How would it not causally influence the brain scan? Are you saying two-boxers can make decisions without using their brains? ;-)

In any event, you didn't answer the question I asked, which was at what point in time does the two-boxer label the decision "irrational". Is it still "irrational" in their estimation to two-box, in the case where Omega decides after they do?

Notice that in both cases, the decision arises from information already available: the state of the chooser's brain. So even in the original Newcomb's problem, there is a causal connection between the chooser's brain state and the boxes' contents. That's why I and other people are asking what role time plays: if you are using the correct causal model, where your current brain state has causal influence over your future decision, then the only distinction two-boxers can base their "irrational" label on is time, not causality.

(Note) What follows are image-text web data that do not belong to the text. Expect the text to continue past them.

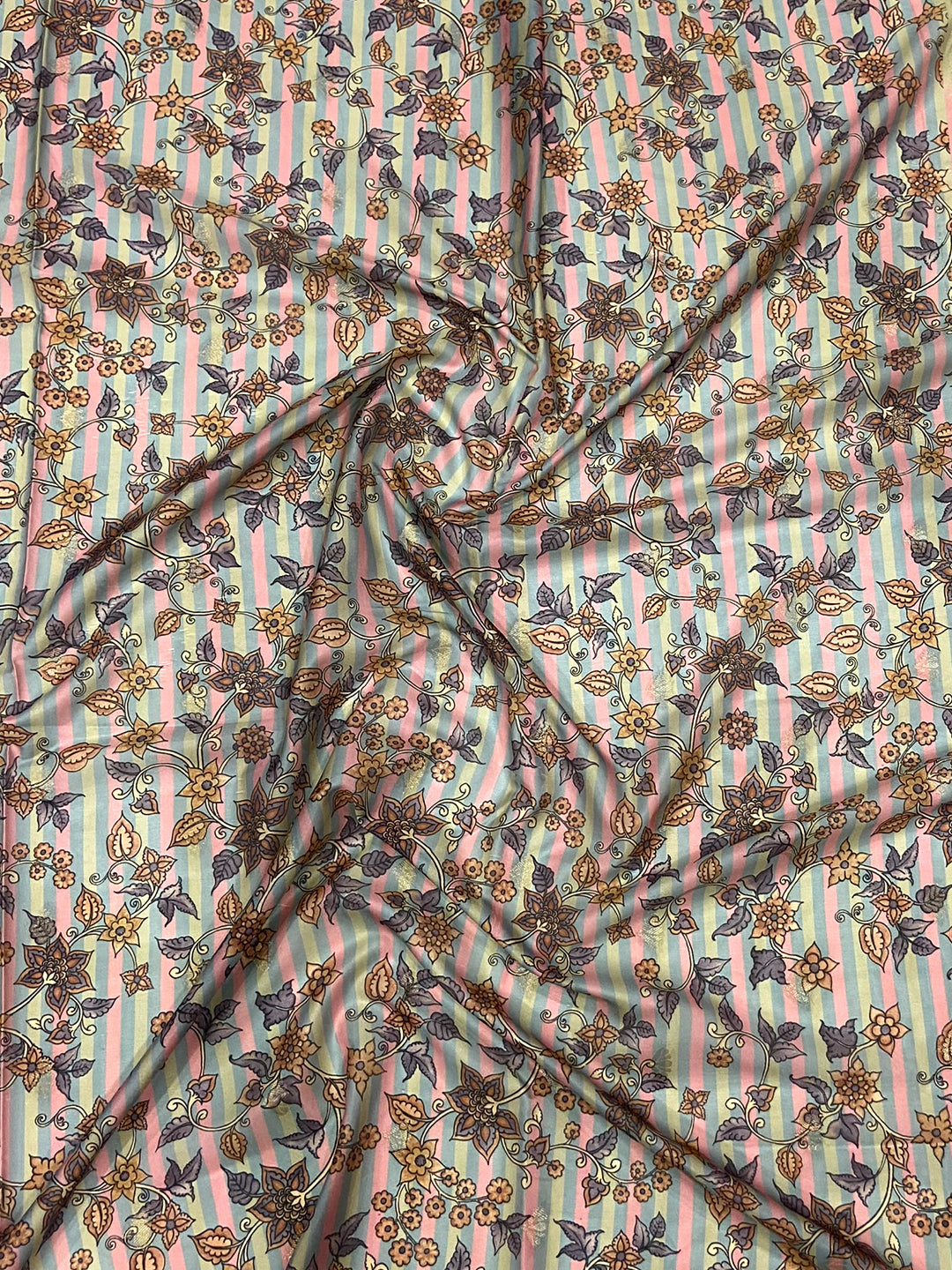 Multi Kalamkari Ombre Crepe Silk Saree by My Store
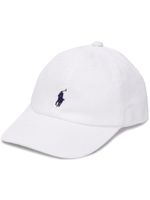 POLO RALPH LAUREN KIDS casquette à logo brodé - Blanc - thumbnail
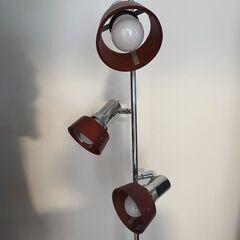 フロアスタンドライト 3灯 シルバーの画像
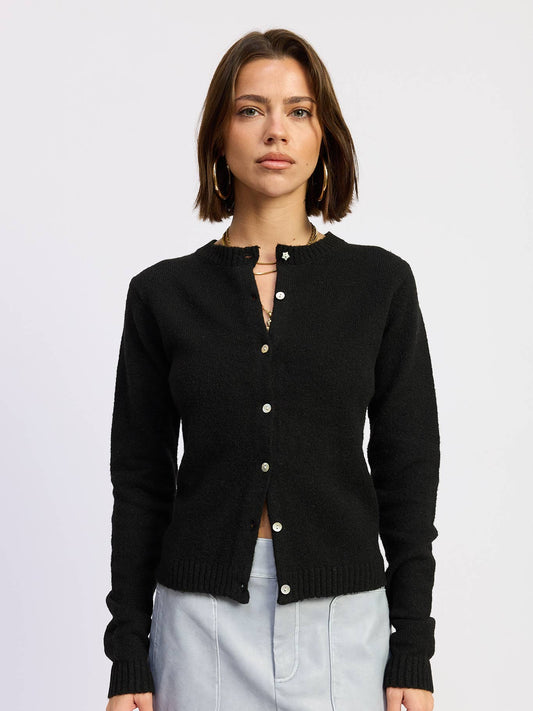 Fitted Button Up Cardigan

The alternative is to argue that it is somehow possible to make a decision without using your brain, i.e., without past causes having any influence on your decision. You could maybe do that by flipping a coin, but then, is that really a "decision", let alone "rational"?

If a two-boxer argues that their decision cannot cause a past event, they have the causal model wrong. The correct model is one of a past brain state influencing both Omega's decision and your own future decision.

For me, the simulation argument made it obvious that one-boxing is the rational choice, because it makes clear that your decision is algorithmic. "Then I'll just decide differently!" is, you see, still a fixed algorithm. There is no such thing as submitting one program to Omega and then running a different one, because you are the same program in both cases -- and it's that program that is causal over both Omega's behavior and the "choice you would make in that situation". Separating the decision from the deciding algorithm is incoherent.

As someone else mentioned, the only way the two-boxer's statements make any sense is if you can separate a decision from the algorithm used to arrive at that decision. But nobody has presented any concrete theory by which one can arrive at a decision without using some algorithm, and whatever algorithm that is, is your "agent type". It doesn't make any sense to say that you can be the type of agent who decides one way, but when it actually comes to deciding, you'll decide another way.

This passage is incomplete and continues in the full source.